What if I don’t blame myself today?
What if I lower the screeching volume of my insides that see me as the enemy and focus on how to simply just be? What if I don’t replay the reel of embarrassing memories and missed opportunities from years ago that may not even be significant anymore but somehow they still pop up daily as reminders of all the reasons I’m to blame for not being happy?
What if I decide to be kind instead?
What if I don’t let my overwhelming emotions heave out unnecessary thoughts into my head? What if today I ban the words “fraud”, “incapable”, “dramatic”, “boring”, and “less than”? Will I still be able to talk to myself? There is a certain vocabulary-bank that seems to float around unnoticed until I decide to address myself, and then begins the most hurtful game of roulette yet, as all these words fly out unprecedented – so loud and unapologetic – that I buckle beneath the weight and obsess over all that is imperfect, and now years of that obsession with each of my imperfections has somehow evolved into a mindset.

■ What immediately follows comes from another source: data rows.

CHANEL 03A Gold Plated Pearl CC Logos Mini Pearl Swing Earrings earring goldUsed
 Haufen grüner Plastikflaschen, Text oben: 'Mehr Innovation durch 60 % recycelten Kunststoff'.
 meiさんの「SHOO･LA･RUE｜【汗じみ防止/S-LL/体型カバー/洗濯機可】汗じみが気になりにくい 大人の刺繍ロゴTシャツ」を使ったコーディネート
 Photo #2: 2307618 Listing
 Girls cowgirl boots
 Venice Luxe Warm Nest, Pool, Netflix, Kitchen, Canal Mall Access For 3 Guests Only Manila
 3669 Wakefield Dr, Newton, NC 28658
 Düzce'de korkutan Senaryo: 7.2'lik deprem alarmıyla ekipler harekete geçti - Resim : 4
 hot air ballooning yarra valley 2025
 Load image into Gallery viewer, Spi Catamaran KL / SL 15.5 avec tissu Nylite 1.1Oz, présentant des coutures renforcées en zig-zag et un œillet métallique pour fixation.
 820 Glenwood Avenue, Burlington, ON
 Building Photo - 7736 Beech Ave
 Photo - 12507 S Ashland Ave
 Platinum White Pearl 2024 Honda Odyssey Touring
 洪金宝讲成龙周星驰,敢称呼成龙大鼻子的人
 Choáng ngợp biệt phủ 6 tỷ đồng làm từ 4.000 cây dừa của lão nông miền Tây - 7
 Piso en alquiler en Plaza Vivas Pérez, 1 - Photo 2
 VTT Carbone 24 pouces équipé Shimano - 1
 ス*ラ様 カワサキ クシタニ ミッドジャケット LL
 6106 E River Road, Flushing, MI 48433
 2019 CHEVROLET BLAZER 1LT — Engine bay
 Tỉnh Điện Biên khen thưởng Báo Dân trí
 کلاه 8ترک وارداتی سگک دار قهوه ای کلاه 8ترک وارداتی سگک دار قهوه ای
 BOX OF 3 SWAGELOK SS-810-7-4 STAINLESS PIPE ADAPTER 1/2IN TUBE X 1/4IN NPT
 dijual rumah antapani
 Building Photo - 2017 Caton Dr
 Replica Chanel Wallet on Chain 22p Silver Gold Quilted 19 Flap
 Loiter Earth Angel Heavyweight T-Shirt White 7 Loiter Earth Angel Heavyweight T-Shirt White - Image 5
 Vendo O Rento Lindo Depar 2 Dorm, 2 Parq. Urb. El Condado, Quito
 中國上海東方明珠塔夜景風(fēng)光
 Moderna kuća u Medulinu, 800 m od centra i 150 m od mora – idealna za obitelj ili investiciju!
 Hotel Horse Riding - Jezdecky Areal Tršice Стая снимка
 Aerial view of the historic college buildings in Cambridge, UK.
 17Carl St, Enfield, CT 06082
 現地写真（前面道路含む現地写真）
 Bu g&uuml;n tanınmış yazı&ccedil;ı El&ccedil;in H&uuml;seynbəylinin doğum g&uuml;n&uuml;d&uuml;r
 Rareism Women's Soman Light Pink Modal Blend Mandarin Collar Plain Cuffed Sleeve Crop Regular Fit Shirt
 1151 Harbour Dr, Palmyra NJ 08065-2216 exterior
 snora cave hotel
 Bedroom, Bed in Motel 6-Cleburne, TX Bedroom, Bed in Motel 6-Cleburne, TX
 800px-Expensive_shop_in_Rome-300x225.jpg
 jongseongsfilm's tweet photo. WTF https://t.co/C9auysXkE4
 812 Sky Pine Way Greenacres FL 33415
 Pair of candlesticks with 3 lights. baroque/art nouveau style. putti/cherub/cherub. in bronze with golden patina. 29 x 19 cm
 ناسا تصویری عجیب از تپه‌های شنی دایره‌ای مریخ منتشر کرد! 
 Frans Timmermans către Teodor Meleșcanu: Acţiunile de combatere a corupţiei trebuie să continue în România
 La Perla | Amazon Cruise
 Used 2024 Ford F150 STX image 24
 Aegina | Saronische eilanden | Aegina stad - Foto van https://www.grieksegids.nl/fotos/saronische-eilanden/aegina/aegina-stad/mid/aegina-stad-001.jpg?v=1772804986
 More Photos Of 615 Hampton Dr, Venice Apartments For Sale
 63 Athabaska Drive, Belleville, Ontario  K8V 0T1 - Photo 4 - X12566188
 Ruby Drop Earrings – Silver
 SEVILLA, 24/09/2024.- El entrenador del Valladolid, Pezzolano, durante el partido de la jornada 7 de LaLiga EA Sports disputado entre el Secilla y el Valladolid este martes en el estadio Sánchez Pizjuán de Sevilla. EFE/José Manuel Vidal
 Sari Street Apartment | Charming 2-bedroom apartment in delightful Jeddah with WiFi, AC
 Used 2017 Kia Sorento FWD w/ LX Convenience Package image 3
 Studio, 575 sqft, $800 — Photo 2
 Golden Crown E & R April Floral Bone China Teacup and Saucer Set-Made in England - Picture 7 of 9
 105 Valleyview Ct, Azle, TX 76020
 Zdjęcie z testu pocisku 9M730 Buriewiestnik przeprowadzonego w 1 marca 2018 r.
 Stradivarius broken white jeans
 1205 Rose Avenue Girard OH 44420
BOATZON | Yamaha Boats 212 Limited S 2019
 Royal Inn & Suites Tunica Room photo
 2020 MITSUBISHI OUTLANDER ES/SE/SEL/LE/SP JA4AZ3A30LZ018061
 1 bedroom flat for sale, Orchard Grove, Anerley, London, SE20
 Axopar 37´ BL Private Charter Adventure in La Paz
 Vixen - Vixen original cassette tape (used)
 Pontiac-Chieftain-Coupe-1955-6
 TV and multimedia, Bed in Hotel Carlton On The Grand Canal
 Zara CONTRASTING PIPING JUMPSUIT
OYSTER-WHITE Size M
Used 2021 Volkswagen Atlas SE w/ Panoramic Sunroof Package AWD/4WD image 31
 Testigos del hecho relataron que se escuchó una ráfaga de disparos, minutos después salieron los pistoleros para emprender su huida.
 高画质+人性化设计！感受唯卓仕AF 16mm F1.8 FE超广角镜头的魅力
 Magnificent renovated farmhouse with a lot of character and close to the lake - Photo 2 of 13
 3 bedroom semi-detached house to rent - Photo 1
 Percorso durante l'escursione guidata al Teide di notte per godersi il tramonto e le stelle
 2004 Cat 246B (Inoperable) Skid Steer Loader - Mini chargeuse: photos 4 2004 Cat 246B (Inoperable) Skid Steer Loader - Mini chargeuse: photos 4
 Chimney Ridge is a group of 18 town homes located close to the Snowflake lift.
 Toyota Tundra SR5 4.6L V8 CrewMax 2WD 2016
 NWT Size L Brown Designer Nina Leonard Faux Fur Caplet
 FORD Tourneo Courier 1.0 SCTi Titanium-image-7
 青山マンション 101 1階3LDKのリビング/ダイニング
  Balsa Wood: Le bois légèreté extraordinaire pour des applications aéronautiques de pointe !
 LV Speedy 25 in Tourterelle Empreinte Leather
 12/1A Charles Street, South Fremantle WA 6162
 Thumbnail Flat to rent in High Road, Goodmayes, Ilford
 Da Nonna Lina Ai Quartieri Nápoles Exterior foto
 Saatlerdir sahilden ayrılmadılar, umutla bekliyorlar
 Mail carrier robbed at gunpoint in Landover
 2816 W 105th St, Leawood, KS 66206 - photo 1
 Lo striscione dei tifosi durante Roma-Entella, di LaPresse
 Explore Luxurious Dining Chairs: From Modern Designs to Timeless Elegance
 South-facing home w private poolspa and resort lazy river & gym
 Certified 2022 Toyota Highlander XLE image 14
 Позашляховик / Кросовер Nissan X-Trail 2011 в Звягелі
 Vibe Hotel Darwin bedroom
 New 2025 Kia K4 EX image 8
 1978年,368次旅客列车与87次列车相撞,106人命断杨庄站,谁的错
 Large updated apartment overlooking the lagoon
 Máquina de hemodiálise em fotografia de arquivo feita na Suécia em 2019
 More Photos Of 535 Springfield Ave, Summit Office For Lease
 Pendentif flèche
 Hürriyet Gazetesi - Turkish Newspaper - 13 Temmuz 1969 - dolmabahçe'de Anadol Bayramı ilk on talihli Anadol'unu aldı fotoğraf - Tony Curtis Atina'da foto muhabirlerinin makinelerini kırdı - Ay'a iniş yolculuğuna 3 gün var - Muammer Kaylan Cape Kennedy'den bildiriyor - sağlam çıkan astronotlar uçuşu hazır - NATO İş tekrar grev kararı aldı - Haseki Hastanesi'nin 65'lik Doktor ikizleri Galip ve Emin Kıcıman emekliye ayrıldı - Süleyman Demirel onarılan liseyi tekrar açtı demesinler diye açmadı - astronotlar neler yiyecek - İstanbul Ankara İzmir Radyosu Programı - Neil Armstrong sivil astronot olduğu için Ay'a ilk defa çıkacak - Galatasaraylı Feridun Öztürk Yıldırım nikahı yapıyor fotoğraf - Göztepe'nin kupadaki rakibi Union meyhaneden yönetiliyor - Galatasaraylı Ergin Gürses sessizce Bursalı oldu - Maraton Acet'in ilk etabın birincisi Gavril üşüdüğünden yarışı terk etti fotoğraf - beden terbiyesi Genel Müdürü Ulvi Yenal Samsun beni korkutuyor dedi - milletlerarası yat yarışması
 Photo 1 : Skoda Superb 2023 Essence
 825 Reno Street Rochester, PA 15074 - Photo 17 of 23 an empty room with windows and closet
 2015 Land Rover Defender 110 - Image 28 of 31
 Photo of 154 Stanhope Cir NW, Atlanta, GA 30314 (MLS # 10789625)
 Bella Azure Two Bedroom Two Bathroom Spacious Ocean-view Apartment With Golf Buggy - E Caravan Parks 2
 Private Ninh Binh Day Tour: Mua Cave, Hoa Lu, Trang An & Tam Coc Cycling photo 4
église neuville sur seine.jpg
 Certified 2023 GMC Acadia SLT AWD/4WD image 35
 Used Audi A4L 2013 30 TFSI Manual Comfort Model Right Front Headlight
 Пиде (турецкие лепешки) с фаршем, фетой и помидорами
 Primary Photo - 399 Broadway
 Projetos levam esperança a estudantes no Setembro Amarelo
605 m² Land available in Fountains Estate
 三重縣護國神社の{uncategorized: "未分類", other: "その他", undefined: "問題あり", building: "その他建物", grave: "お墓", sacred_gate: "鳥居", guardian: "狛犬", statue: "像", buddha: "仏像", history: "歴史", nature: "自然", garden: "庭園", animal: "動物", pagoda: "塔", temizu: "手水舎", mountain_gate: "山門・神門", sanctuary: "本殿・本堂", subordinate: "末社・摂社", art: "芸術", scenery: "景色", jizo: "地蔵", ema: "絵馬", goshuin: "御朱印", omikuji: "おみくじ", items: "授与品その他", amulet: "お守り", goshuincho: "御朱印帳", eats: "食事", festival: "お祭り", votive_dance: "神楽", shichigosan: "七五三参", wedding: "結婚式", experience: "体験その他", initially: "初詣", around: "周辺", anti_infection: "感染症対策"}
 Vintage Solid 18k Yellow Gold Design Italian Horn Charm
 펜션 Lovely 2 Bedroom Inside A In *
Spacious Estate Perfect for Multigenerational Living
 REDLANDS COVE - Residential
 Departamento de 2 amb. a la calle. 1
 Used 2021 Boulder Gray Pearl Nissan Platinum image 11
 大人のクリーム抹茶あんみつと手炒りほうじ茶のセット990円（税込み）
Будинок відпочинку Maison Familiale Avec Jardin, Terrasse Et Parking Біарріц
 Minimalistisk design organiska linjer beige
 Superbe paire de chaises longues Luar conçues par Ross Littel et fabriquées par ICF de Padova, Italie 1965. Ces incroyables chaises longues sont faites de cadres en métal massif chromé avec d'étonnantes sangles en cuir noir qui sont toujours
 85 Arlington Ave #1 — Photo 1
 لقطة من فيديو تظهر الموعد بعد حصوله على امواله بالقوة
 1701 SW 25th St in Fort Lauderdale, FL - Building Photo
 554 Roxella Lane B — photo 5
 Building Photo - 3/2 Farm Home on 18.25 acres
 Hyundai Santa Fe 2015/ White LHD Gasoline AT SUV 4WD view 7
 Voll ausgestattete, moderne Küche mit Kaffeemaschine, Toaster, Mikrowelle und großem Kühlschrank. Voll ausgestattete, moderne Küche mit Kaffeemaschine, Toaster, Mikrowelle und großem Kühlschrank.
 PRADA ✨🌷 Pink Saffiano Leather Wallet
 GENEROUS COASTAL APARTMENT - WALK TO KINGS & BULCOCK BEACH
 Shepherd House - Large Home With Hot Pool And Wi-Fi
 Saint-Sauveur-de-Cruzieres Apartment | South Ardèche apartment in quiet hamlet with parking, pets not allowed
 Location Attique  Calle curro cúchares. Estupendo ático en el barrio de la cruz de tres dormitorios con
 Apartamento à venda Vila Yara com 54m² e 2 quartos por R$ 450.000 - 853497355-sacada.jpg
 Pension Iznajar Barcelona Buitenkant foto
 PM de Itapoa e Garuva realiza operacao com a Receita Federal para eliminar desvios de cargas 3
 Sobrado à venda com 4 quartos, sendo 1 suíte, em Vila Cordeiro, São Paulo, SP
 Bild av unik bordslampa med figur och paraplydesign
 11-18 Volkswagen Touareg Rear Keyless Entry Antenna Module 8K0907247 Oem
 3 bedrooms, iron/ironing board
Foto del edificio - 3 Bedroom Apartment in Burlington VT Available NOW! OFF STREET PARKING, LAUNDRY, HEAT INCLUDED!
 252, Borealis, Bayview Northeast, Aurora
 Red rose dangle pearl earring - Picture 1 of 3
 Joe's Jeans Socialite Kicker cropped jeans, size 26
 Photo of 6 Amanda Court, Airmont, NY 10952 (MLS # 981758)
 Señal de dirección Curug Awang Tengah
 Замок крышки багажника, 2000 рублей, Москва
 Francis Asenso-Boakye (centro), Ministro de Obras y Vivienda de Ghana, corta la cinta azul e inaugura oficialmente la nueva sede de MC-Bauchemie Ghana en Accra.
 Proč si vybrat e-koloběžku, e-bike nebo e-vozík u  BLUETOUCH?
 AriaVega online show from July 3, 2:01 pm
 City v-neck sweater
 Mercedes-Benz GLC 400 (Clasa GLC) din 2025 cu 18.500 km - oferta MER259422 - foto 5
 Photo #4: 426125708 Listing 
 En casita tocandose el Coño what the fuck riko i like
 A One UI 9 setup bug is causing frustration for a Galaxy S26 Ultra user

What if, just for today, I treated myself like a friend?
A friend who breaks down in front of you so suddenly that your arms fly around their shoulders and your voice dips into coos for a baby as they howl against your chest and tell you that they tried their best and yet it’s never been enough so you grab them to ferociously condemn the way they speak of themselves, for while they see a broken, shattered soul, you always see so much more. You remind them of their greatness and you drool over their strength and you recount all the times they impressed you until their breaths settle once more and they crack an unconvinced smile so you decide to hug them and stay in silence for a little while.
What if I just loved myself today?
Why does that always sound like such a cringey sentiment? When did the words picked up by bullies, and those internalized from the long stares in the mirror, and those flung at you by strangers – when did all these words become more acceptable? Why does loving myself make me so judgmental? When did I deem myself undeserving of anything positive?
What if, today, I reclaim my power and change the narrative?